On Wed, May 6, 2020 at 5:59 AM SeongJae Park sjpark@amazon.com wrote:
TL; DR: It was not kernel's fault, but the benchmark program.
So, the problem is reproducible using the lebench[1] only. I carefully read it's code again.
Before running the problem occurred "poll big" sub test, lebench executes "context switch" sub test. For the test, it sets the cpu affinity[2] and process priority[3] of itself to '0' and '-20', respectively. However, it doesn't restore the values to original value even after the "context switch" is finished. For the reason, "select big" sub test also run binded on CPU 0 and has lowest nice value. Therefore, it can disturb the RCU callback thread for the CPU 0, which processes the deferred deallocations of the sockets, and as a result it triggers the OOM.
We confirmed the problem disappears by offloading the RCU callbacks from the CPU 0 using rcu_nocbs=0 boot parameter or simply restoring the affinity and/or priority.

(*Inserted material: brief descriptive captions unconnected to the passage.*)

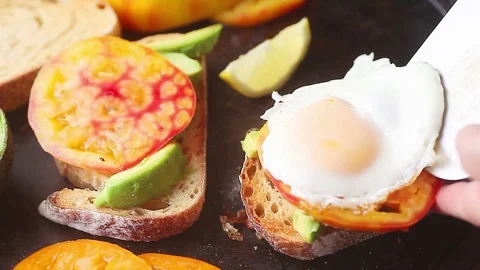 Making avocado toast with tomato and fried egg Stock Footage 78167236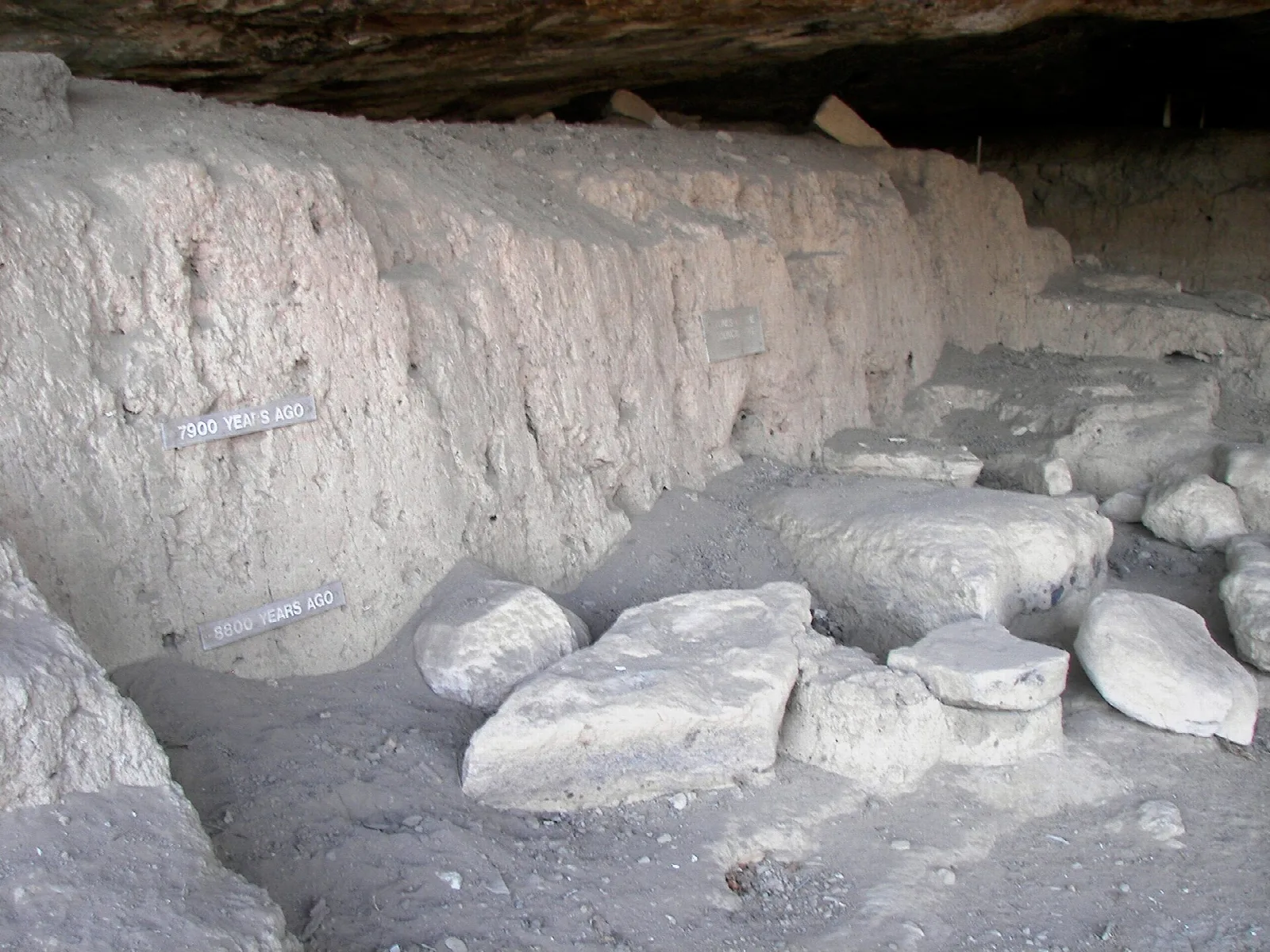 Inside the cave, a layered excavated floor with large pale rocks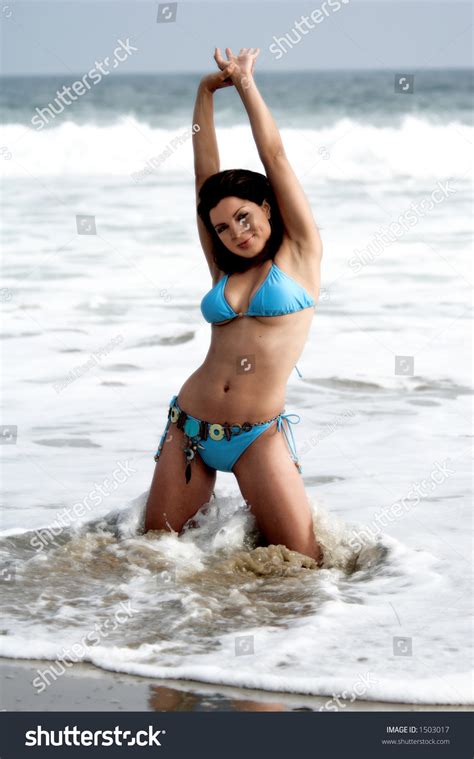 Beautiful Latina Woman On The Beach In A Blue Bikini Stock Photo 1503017 Shutterstock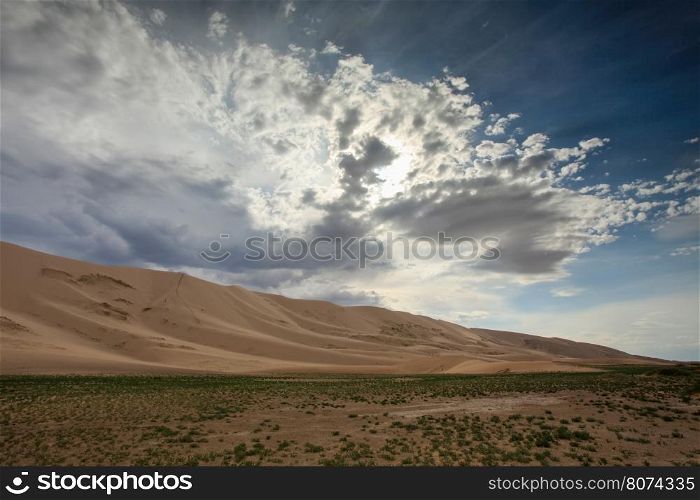 Storm clouds before rain in the Gobi Desert, dune Hongoryn, Mongolia.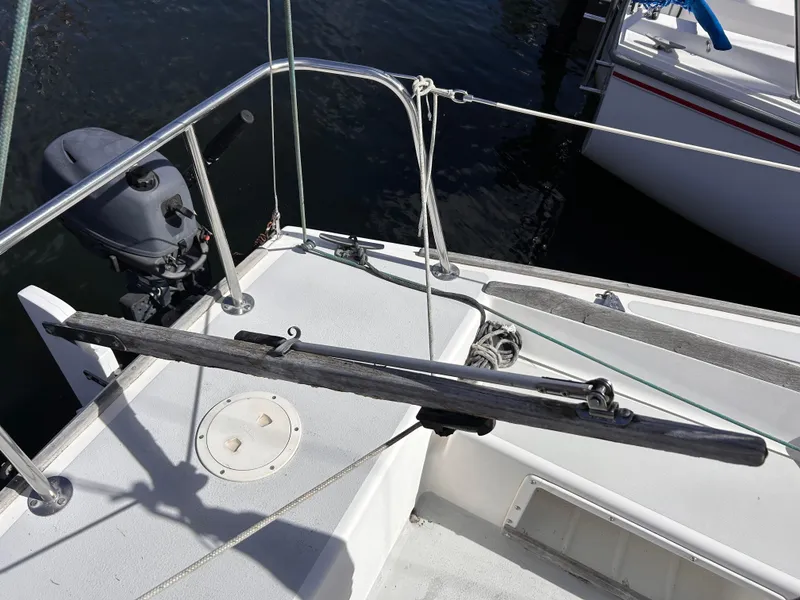 Slide: The Image of Sailboat deck of 1991 J Boats J/22 with motor and rigging. - 16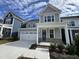 Attractive two-story home with a two-car garage and a welcoming entrance with an accent teal-colored door at 328 Catheys Creek Cir, Wendell, NC 27591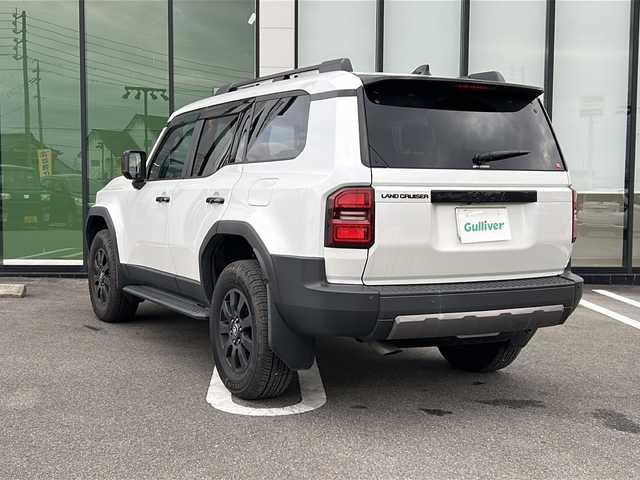 トヨタ ランドクルーザー ２５０ ZX ファーストエディション 岐阜県 2024(令6)年 1.3万km プラチナホワイトパールマイカ 登録時走行距離12427km/純正ナビ/全方位モニター/フルセグテレビ/電動格納サードシート/ハンドルヒーター/JBLサウンド/パドルシフト/サイドステップ/ドアバイザー/純正フロアマット/純正アルミホイール/レザーシート/ETC/シートヒーター/エアシート/レザーシート/ヘッドライトウォッシャー/禁煙車/LEDヘッドライト/ルーフレール/サンルーフ/オートマチックハイビーム/スマートキー/プッシュスタート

Someone _might_ still argue that this is kernel problem because the problem didn't occur on the old kernels prior to the Al's patches. However, setting the affinity and priority was available because the program received the permission. Therefore, it would be reasonable to blame the system administrators rather than the kernel.
So, please ignore this patchset, apology for making confuse. If you still has some doubts or need more tests, please let me know.
[1] https://github.com/LinuxPerfStudy/LEBench [2] https://github.com/LinuxPerfStudy/LEBench/blob/master/TEST_DIR/OS_Eval.c#L82... [3] https://github.com/LinuxPerfStudy/LEBench/blob/master/TEST_DIR/OS_Eval.c#L82...
Thanks, SeongJae Park
No harm done, thanks for running more tests and root-causing the issue !